You really suffered for your art…
Well, every video I have suffered. I was bloody and bloodied. There was blood everywhere!
There’s a line in WTF that says ‘Don’t give up when people doubt you’ and you mentioned it took Pharrell to enforce upon you the impact you’ve had on popular culture. Did you lose your confidence? Did you feel that you no longer had it in you to continue to make music?

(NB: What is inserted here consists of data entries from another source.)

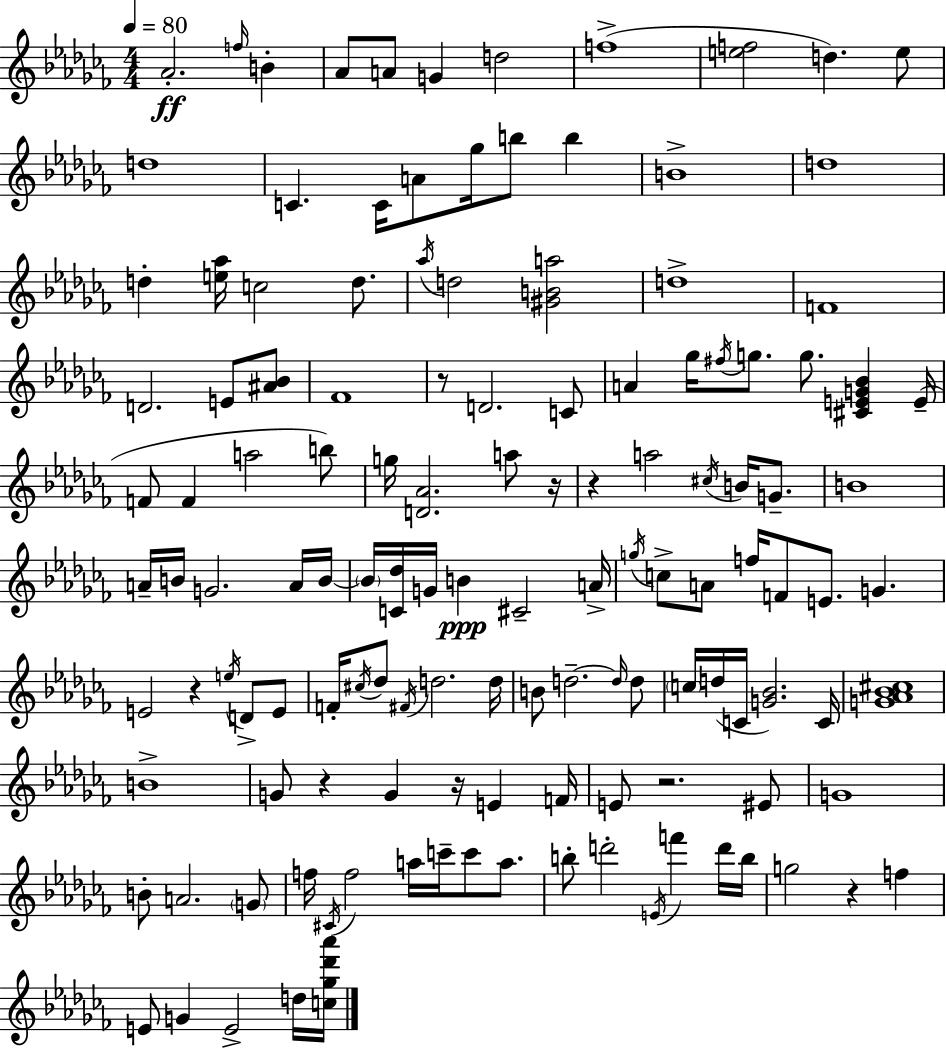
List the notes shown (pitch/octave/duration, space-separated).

Ab4/h. F5/s B4/q Ab4/e A4/e G4/q D5/h F5/w [E5,F5]/h D5/q. E5/e D5/w C4/q. C4/s A4/e Gb5/s B5/e B5/q B4/w D5/w D5/q [E5,Ab5]/s C5/h D5/e. Ab5/s D5/h [G#4,B4,A5]/h D5/w F4/w D4/h. E4/e [A#4,Bb4]/e FES4/w R/e D4/h. C4/e A4/q Gb5/s F#5/s G5/e. G5/e. [C#4,E4,G4,Bb4]/q E4/s F4/e F4/q A5/h B5/e G5/s [D4,Ab4]/h. A5/e R/s R/q A5/h C#5/s B4/s G4/e. B4/w A4/s B4/s G4/h. A4/s B4/s B4/s [C4,Db5]/s G4/s B4/q C#4/h A4/s G5/s C5/e A4/e F5/s F4/e E4/e. G4/q. E4/h R/q E5/s D4/e E4/e F4/s C#5/s Db5/e F#4/s D5/h. D5/s B4/e D5/h. D5/s D5/e C5/s D5/s C4/s [G4,Bb4]/h. C4/s [G4,Ab4,Bb4,C#5]/w B4/w G4/e R/q G4/q R/s E4/q F4/s E4/e R/h. EIS4/e G4/w B4/e A4/h. G4/e F5/s C#4/s F5/h A5/s C6/s C6/e A5/e. B5/e D6/h E4/s F6/q D6/s B5/s G5/h R/q F5/q E4/e G4/q E4/h D5/s [C5,Gb5,Db6,Ab6]/s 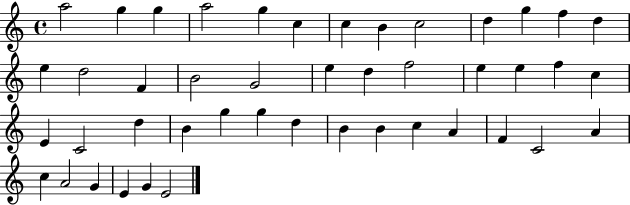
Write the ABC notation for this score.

X:1
T:Untitled
M:4/4
L:1/4
K:C
a2 g g a2 g c c B c2 d g f d e d2 F B2 G2 e d f2 e e f c E C2 d B g g d B B c A F C2 A c A2 G E G E2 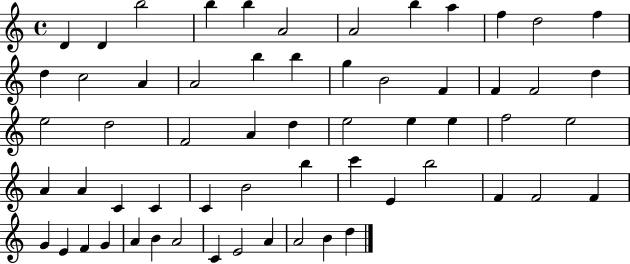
{
  \clef treble
  \time 4/4
  \defaultTimeSignature
  \key c \major
  d'4 d'4 b''2 | b''4 b''4 a'2 | a'2 b''4 a''4 | f''4 d''2 f''4 | \break d''4 c''2 a'4 | a'2 b''4 b''4 | g''4 b'2 f'4 | f'4 f'2 d''4 | \break e''2 d''2 | f'2 a'4 d''4 | e''2 e''4 e''4 | f''2 e''2 | \break a'4 a'4 c'4 c'4 | c'4 b'2 b''4 | c'''4 e'4 b''2 | f'4 f'2 f'4 | \break g'4 e'4 f'4 g'4 | a'4 b'4 a'2 | c'4 e'2 a'4 | a'2 b'4 d''4 | \break \bar "|."
} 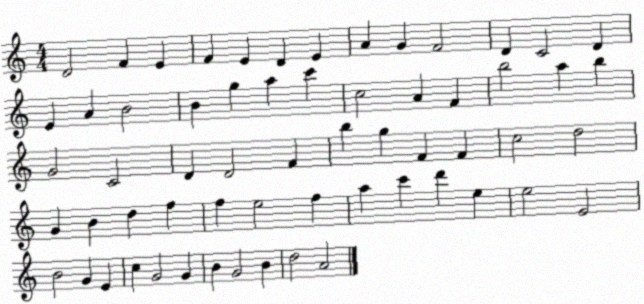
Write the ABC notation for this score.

X:1
T:Untitled
M:4/4
L:1/4
K:C
D2 F E F E D E A G F2 D C2 D E A B2 B g a c' c2 A F b2 a b G2 C2 D D2 F b g F F c2 d2 G B d f f e2 f a c' d' e e2 E2 B2 G E c G2 G B G2 B d2 A2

Oh most definitely. Definitely. I never stopped recording, but I went through a period where… the one thing that a lot of people don’t know is that for as long as I’ve been as artist, I’ve been a writer and a producer. So I’ve had to write and produce for other artists and then maintain my sound and myself as an artist. So all that time, I was doing Missy and also making sure I was giving all of these other artists a different sound too. That was hard for me. At first it wasn’t but then when it started piling up on a plate, it was tough. A lot of people don’t do this. You can count on a couple of hands probably how many artists also produce and write, both for themselves and for others and are able to be successful at both things. So I needed a break. But in that break I felt like I lost time. Then I ended up getting sick [Missy was diagnosed with Graves Disease in 2011] but then, yeah, it was a time where I felt like ‘Do I still have it’? Especially when you see a whole new slew, a whole new generation of kids, come through and the music is not like how it was. I felt like, ‘How do I fit in’? I’m battling. But then I never fit in! The whole time, I’ve never fit in! But it was still that battle. Do people still want to hear something creative and risky at this point? People might not be accepting of your music. So I battled that and I thank god for somebody like Pharrell who stayed in my ear. For him, at that time, Happy was everywhere, he didn’t have to share anything with me. He said to me, ‘You call me any time you feel like that, because I have went through that same thing in my life and I want to make sure I pull you up. I’ve been there and I know what that feels like’.
What do you think of the state of the music industry in 2015? There’s some very big personalities making a lot of noise: Adele, Rihanna, Kanye, Justin, Miley, Taylor. What are your thoughts on the current climate as a whole?
I think the music industry, it’s a lot of great artists out there. I must say that. Adele, she’s most definitely killing the right now. I understand someone like a Rihanna. She’s a superstar, I get it. Beyoncé, well she’s from our era, and she’s beyond that! What I love about Kanye is that he doesn’t fit the mold either. He does what he feels. People might look at him like, ‘Kanye at it again’, but I can respect the fact and I can tell when he does his music it’s not ‘I’m doing what’s hot right now’. That’s what I felt in the studio. So I can appreciate artists like that. People, I think they are fiending for more of that, that’s why Adele could take that rest and come back. That’s how it used to be. She’s shown people that when you’ve got talent, those solid fans will wait for you. So, yeah, it’s a lot of great stuff out there.